• **Directions**
I would like the lines below, from the one with "Schumacher Green Zeus Indoor/Outdoor Tape" through the one with "One E-bike with trees in the background", copied exactly and without any pictures.

• **Data for the task**
::::

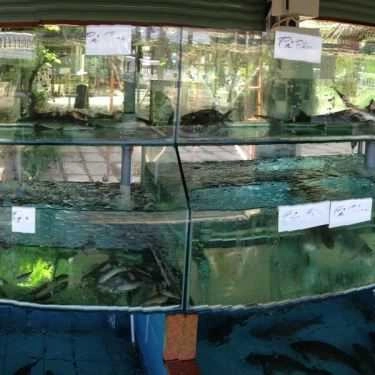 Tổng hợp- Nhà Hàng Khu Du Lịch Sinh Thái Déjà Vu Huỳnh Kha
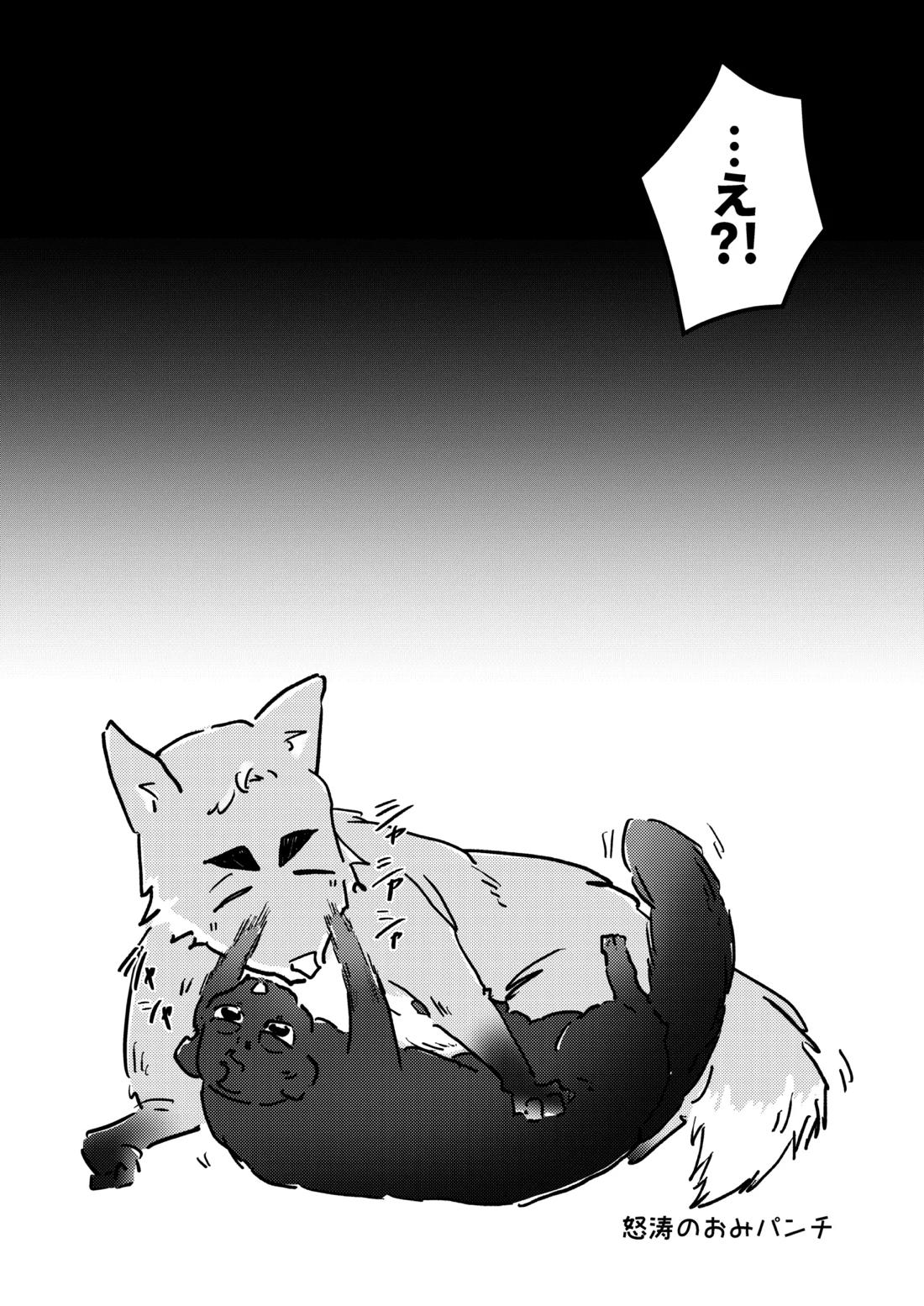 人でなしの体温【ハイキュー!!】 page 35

::::

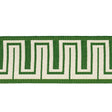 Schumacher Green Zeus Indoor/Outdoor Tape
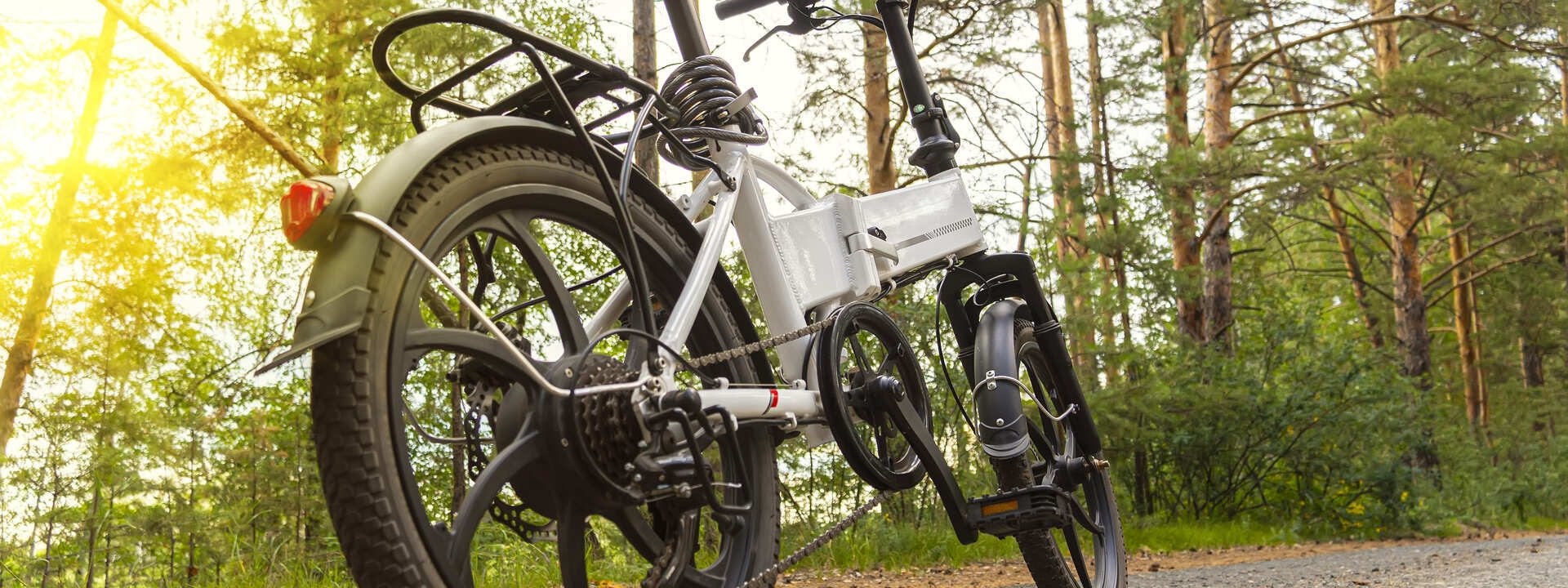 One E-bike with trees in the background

::::

• **Response**
 Schumacher Green Zeus Indoor/Outdoor Tape
 One E-bike with trees in the background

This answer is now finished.